Top of the rhyolite quarry in the Porcupine Mountains


A pillow to rest your head on?


Other metamorphic rocks found are volcanic pillows. Bits of magma that cooled rapidly when exposed to water and pilled together to make a very distinct pattern in the rock.

The light rock is the core of each glob of magma that got to cool slower than the black outline that touched the water. In between, ash and silt built up in a sedimentary mechanism that glued each pillow together.


The pillows in the Midwest are an excellent example of volcanic pillows. So good an example that the next time I saw pillows in the Black Hills, I didn't recognize them.

At the Pactola Reservoir in South Dakota, there is a wall of mysterious rock across the highway from the water.


I and the other students were given the chance to try and identify the rocks, starting near the concrete retaining wall and along up the road. These rocks were so rusty and there were no clear patterns to indicate pillows, only that the rocks I was looking at were clearly metamorphic in nature. I was so focused on my task that I didn't get the chance to take pictures. The two above are from Google Earth.


Rocks are difficult to identify for a novice.


It is alright that I couldn't identify the rock, the purpose of the field trips were to introduce geologic field work to the students while they begin to learn how to identify rocks.
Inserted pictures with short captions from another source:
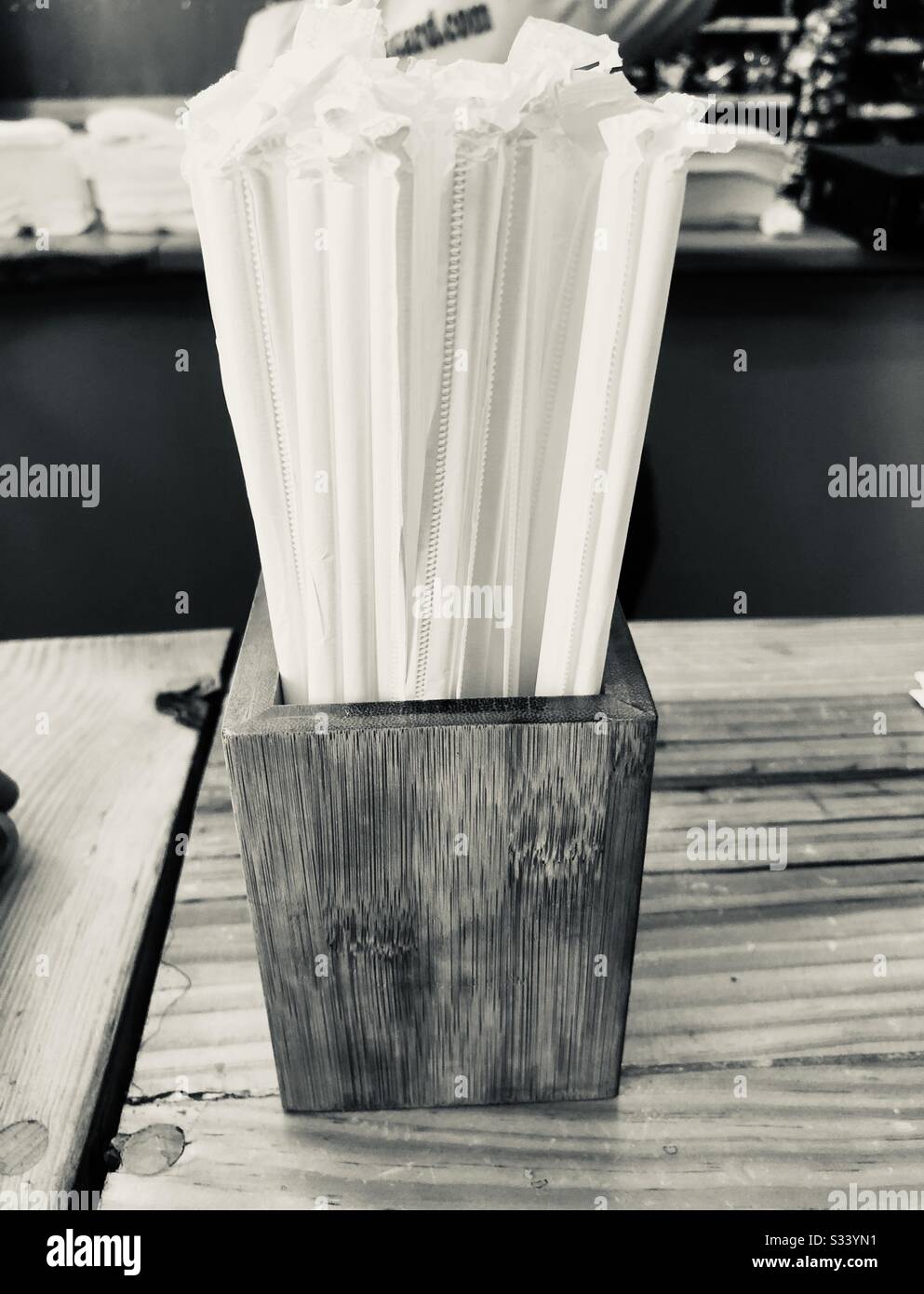 Wooden straws container at a diner Stock Photo Alamy
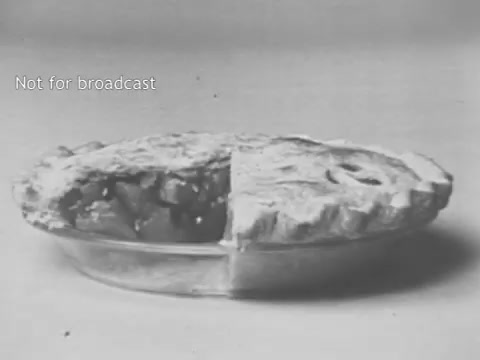The still features a glass pie dish containing a pie that has been cut in half, revealing its filling. The crust appears golden and flaky, while the interior showcases what looks like apple filling. The monochrome presentation gives it a vintage aesthetic, typical of mid-20th century advertising, emphasizing the appeal of the product in a nostalgic and wholesome manner. The text 'Not for broadcast' indicates that this is a draft or unreleased material.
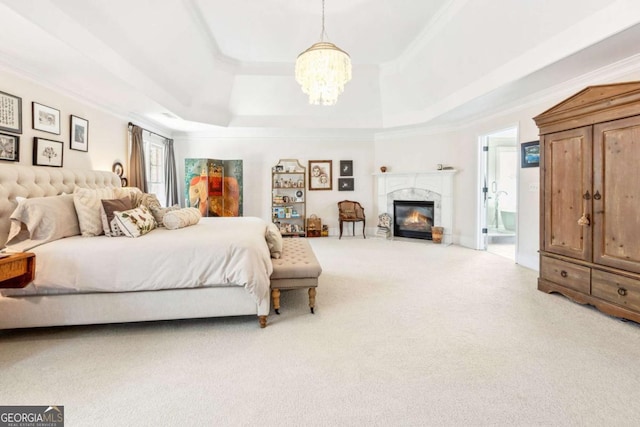 bedroom with a tray ceiling, a premium fireplace, an inviting chandelier, ornamental molding, and carpet floors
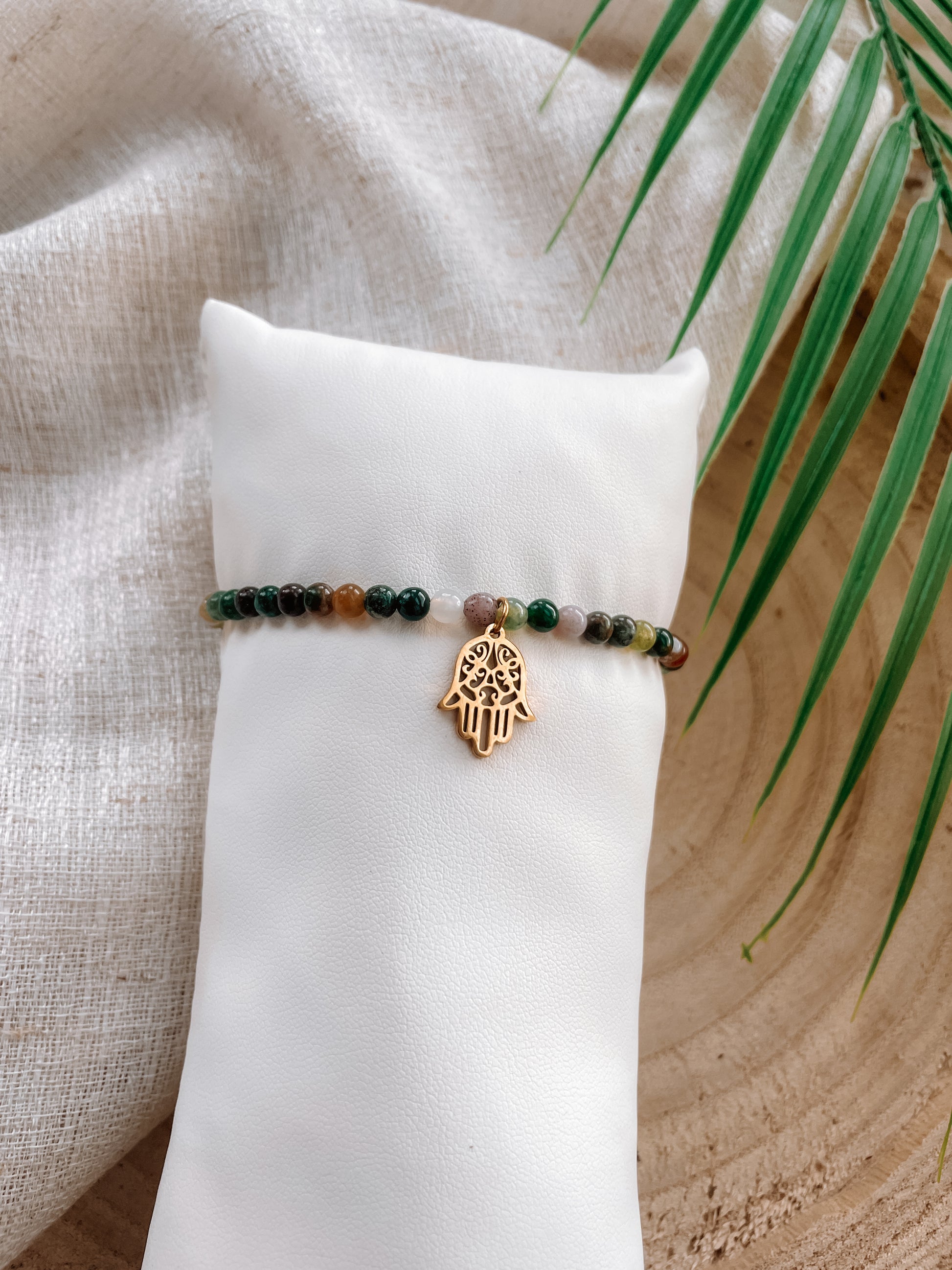 Buntes Turmalin-Perlenarmband mit goldenem Hand von Fatima Anhänger auf weißem Kissen
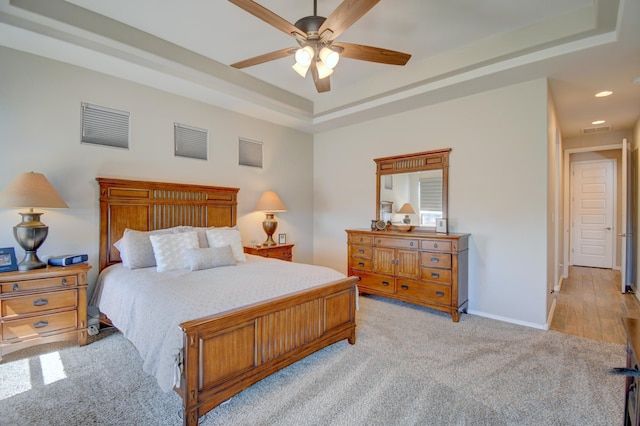 7408 Molas Rd NW, Albuquerque, NM 87114 - bedroom with a tray ceiling, light carpet, recessed lighting, baseboards, and a ceiling fan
Mineralogy and Petrology are typically taken during the second year of a geology major.


I had a lot of fun seeing many interesting mineral formations and being out in nature.

A climb up Little Devil's Tower in the Black Hills South Dakota.


The importance of trying new things lets me decide whether I want a career where I get paid to camp and look at rocks during the summer, compared to staying in a sterile lab all year long.


There are good arguments for why I should change track and become a geochemist, or stay in the biomedical engineering track. I clearly need to explore geology more to figure this out! I hope you enjoy the highlights from my Min-Pet trips this fall 2022.